Reproduce the line containing "2.08 ct Green" in the listing below, then every later line up to the end, precisely as written.
· · · · · · ·
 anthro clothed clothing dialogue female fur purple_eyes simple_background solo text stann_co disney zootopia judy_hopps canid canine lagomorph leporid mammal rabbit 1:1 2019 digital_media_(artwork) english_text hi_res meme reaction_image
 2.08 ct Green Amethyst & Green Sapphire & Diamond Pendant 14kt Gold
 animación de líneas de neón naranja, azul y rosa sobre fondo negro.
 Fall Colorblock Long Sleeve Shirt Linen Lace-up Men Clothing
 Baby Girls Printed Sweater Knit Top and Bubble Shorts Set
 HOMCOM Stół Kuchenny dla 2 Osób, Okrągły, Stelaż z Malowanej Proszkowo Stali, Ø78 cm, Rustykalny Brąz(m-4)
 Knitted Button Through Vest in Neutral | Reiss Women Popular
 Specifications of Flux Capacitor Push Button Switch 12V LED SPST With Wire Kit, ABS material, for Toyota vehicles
· · · · · · ·
▶ Response for this exercise:
 2.08 ct Green Amethyst & Green Sapphire & Diamond Pendant 14kt Gold
 animación de líneas de neón naranja, azul y rosa sobre fondo negro.
 Fall Colorblock Long Sleeve Shirt Linen Lace-up Men Clothing
 Baby Girls Printed Sweater Knit Top and Bubble Shorts Set
 HOMCOM Stół Kuchenny dla 2 Osób, Okrągły, Stelaż z Malowanej Proszkowo Stali, Ø78 cm, Rustykalny Brąz(m-4)
 Knitted Button Through Vest in Neutral | Reiss Women Popular
 Specifications of Flux Capacitor Push Button Switch 12V LED SPST With Wire Kit, ABS material, for Toyota vehicles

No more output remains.